Work task: Copy the lines below exactly. Start at the first and finish with the line containing "Wine colored shirt".
- - - - -
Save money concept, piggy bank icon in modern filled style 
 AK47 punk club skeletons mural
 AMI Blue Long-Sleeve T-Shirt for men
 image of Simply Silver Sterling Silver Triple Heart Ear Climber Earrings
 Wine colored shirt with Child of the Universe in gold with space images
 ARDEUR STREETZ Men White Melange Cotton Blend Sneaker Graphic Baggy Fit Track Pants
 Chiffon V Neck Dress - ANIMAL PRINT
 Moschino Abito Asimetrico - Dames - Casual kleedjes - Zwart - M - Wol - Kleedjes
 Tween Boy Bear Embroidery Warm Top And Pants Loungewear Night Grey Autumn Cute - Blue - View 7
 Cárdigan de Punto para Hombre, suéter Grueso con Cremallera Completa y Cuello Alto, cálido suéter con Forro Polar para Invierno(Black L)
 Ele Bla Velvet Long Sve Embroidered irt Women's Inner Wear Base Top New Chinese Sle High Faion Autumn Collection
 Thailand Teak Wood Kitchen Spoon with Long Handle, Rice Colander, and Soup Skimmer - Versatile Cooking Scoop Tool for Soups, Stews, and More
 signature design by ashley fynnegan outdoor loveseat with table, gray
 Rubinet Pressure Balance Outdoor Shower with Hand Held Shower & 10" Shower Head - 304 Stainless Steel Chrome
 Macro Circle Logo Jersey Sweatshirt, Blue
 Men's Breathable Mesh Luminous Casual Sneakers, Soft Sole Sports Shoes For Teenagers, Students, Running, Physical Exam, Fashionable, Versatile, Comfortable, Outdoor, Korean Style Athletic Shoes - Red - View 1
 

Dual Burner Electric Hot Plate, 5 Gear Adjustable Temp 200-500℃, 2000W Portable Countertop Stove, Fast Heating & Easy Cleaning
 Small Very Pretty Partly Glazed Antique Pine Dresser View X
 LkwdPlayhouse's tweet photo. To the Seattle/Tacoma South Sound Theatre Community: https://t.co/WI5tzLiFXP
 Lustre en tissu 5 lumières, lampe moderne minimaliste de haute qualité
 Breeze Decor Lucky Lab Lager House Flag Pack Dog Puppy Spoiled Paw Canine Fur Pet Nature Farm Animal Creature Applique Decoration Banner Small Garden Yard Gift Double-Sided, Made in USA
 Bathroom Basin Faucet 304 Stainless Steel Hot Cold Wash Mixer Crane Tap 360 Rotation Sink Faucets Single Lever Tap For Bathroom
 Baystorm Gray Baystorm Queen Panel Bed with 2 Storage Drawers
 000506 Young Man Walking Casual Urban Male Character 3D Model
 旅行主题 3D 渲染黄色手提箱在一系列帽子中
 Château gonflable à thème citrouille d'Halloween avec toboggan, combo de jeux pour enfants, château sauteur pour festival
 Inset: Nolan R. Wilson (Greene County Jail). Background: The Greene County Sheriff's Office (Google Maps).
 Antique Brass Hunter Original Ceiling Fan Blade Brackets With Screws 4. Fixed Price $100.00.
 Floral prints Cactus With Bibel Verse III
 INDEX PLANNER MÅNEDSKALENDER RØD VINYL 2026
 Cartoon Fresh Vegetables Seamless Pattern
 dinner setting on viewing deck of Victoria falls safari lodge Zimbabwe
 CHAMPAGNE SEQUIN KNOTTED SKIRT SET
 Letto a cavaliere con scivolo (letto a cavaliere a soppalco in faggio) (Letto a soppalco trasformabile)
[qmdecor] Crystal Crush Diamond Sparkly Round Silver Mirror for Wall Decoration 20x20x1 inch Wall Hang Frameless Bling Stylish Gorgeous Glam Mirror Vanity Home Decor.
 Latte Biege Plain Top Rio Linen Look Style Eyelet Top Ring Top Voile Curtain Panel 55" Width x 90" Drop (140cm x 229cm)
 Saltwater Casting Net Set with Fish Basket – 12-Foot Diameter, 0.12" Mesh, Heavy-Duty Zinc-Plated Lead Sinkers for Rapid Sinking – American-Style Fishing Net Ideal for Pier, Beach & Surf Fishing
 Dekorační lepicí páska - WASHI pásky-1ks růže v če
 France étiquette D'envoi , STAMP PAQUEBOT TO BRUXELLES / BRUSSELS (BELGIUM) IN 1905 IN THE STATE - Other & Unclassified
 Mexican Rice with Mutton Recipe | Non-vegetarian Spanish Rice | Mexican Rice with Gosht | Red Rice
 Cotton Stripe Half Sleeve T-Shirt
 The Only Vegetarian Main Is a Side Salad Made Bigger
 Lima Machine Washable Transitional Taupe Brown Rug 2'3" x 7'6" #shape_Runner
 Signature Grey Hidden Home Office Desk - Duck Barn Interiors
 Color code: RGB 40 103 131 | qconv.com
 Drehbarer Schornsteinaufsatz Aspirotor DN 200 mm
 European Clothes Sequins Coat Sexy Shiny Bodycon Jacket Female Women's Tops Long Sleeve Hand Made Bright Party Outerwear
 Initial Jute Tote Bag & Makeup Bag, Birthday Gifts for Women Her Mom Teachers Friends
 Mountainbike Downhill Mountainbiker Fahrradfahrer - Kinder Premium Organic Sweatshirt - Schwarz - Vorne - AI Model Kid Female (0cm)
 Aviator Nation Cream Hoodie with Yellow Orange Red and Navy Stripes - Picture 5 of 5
- - - - -
Task answer:
Save money concept, piggy bank icon in modern filled style 
 AK47 punk club skeletons mural
 AMI Blue Long-Sleeve T-Shirt for men
 image of Simply Silver Sterling Silver Triple Heart Ear Climber Earrings
 Wine colored shirt with Child of the Universe in gold with space images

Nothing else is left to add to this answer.